The concerns of the BMA over the Department of Health’s commissioning support plans (‘Clinicians’ role undermined – BMA’, NHE, Nov 23) seem somewhat misplaced. Surely, the over-riding concern of all stakeholders in the NHS and local PCTs & CCGs should be the provision of informatics that will provide greater visibility of financial performance and ultimately enable better informed clinical and pathway decisions – irrespective of who provides the technology that delivers that insight?

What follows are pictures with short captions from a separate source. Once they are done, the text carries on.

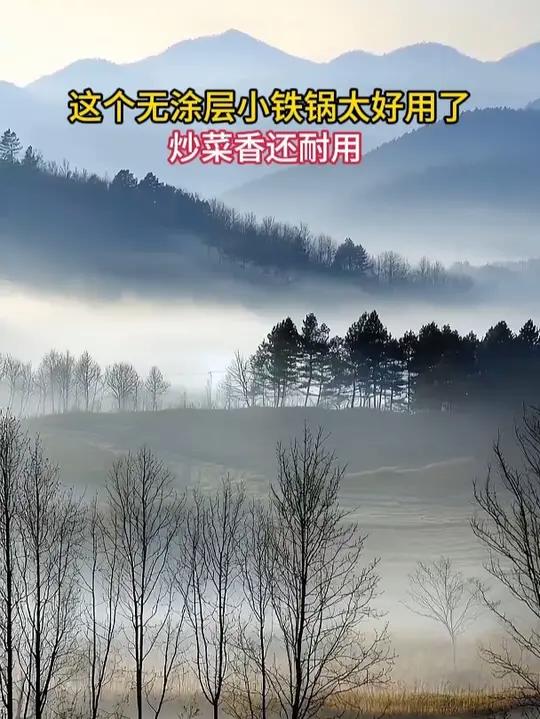 这个无涂层小铁锅太好用了,炒菜香还耐用 厨房好物 铁锅 不粘锅 厨房用品 好物推荐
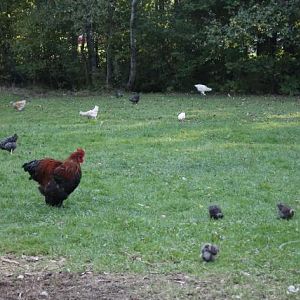 Chicks are watched over by many roosters. Everyone is watched over by Livestock Guardian Dog - Clementine.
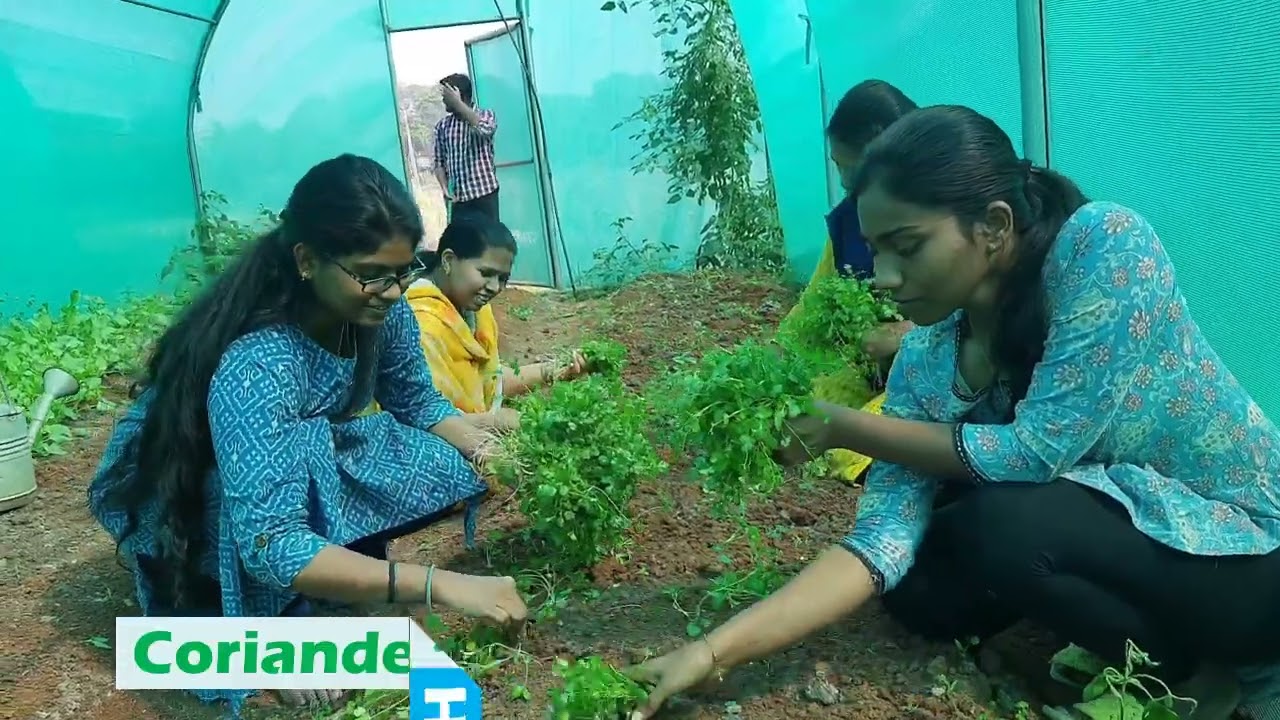 PLUGTRAY NURSERY AND COMMERCIAL VEGETABLE PRODUCTION-WGL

With that end-goal clearly in mind, the decision over which technology to use – whether a solution developed in-house or between NHS partners, or a private provider – should then come down to a set of very simple factors that include the functionality of the system and its ability to quickly and easily provide the insight required versus the cost, time and resource implications involved in the development and implementation of the solution, and the track-record and expertise of the provider.

The guidance from the Department of Health includes some highly valid points. Choice and competitiveness should indeed be advocated; PCTs and CCGs should have the ability to choose the technology provider that is right for them. They should also have the ability to procure collectively to ensure better economies of scale.

Indeed, two of our clients provide excellent examples of this open procurement: a cohort of five East of England PCTs, comprising NHS South East Essex, NHS South West Essex, NHS Norfolk, NHS Bedfordshire and NHS Hertfordshire, chose a shared-procurement to save money and improve efficiency, while the emerging Maidstone & Malling Clinical Commissioning Group selected a private informatics solution because it could not get the necessary level of insight from the in-house informatics system used by the local PCT.

These PCTs and CCGs should be applauded for making the decision that best fit their local health economies. Having started down the path to empower clinicians to place patients at the centre of the healthcare debate, let’s continue to encourage them to do so, not constrain them.